Гурьев вдруг повернулся лицом к Карлуччо и отвесил тому изысканный поклон. Выпрямившись, он произнёс:
– Я, Сумихара-но Тагэясу-но Мишима Якугуро, даймё[71] Таэси-но Ками Сацумото, воин Пути, благодарю тебя, акунин[72] Карлуччо Джованни, за предоставленную возможность исполнить ритуал испытания мечей по имени Близнецы в соответствии с законами, правилами и обычаями Бусидо. В награду за эту услугу я дарю жизнь тебе и твоей семье. Впредь будь осторожен и знай: ты поступил мудро и дальновидно, решив не стоять у меня на пути. Моё слово, данное тебе, защищает тебя лишь до тех пор, пока ты держишь своё. Помни об этом все дни твоей жизни, акунин Карлуччо Джованни. Прощай.
Джованни затряс головой и зажмурился: Гурьев натурально исчез. Опять. Только что стоял перед ним с этими своими жуткими – что же это такое было-то, святые угодники?! – в руках, и вот – его нет, словно и вправду его черти отсюда выдернули!
Торопливо спрятав револьвер, Карлуччо, шепча молитву Пречистой Деве, трижды осенил себя крестным знамением – всей ладонью, как принято у католиков с острова Сицилия, похожего на песчаную треуголку, брошенную в сине-зелёное тёплое море.
Нью-Йорк.
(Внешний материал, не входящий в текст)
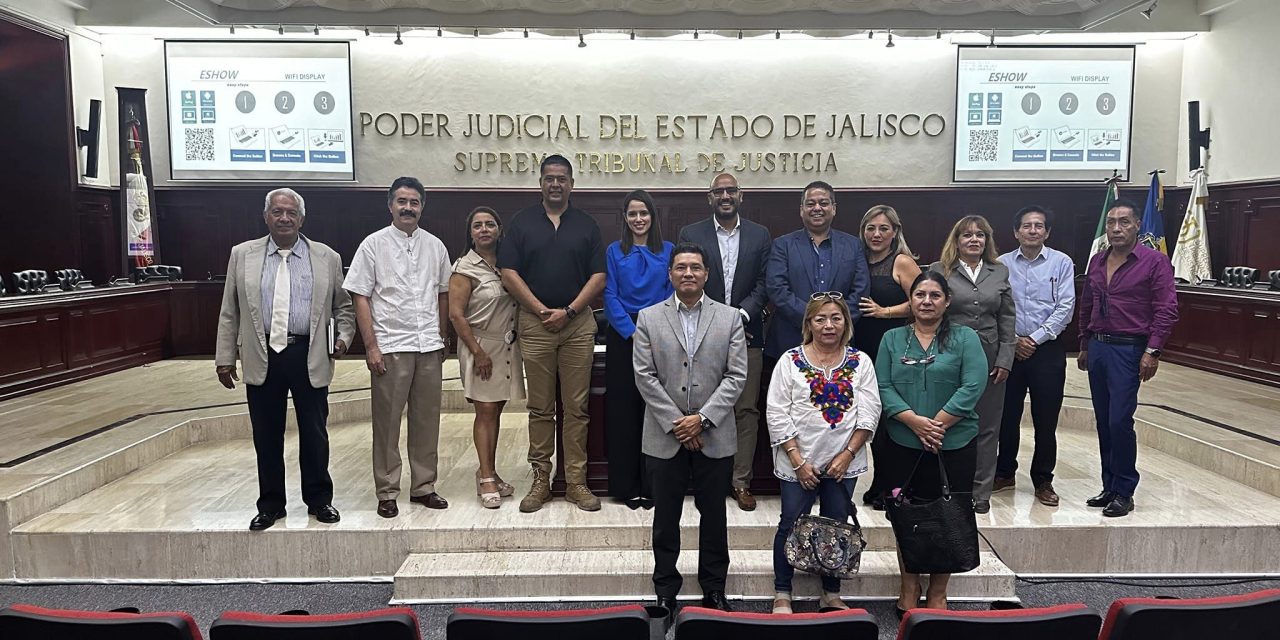 EXTIENDEN CAPACITACIONES DE JUICIOS EN LÍNEA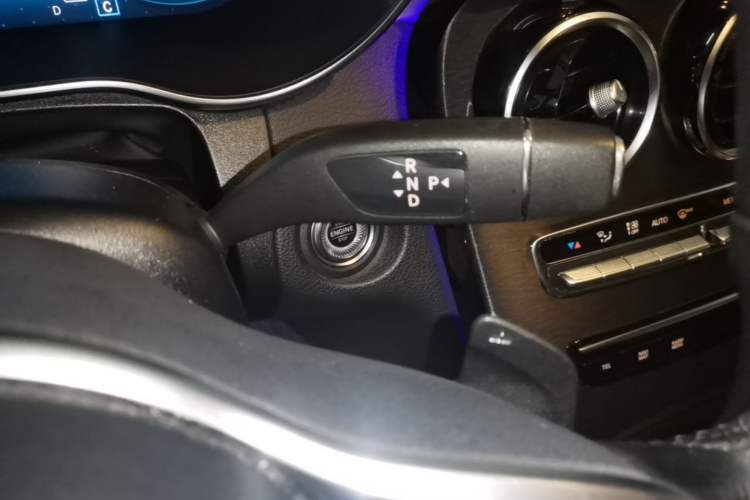 Used Mercedes-Benz GLC Coupe 2020 GLC 260 4MATIC Coupe SUV Gear Lever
Февраль 1934 г
Когда Гурьев вошёл в охотничий домик, детектив уже начинал нервничать. Увидев Гурьева, живого, невредимого и даже не запыхавшегося, он только хрюкнул и покрутил головой. Гурьев жестом успокоил его, распахнул дверь и шагнул в комнату, где находилась Эйприл с детьми.
– Ну, вот, – проговорил он и улыбнулся. – Теперь всё закончилось. Мальчики спят?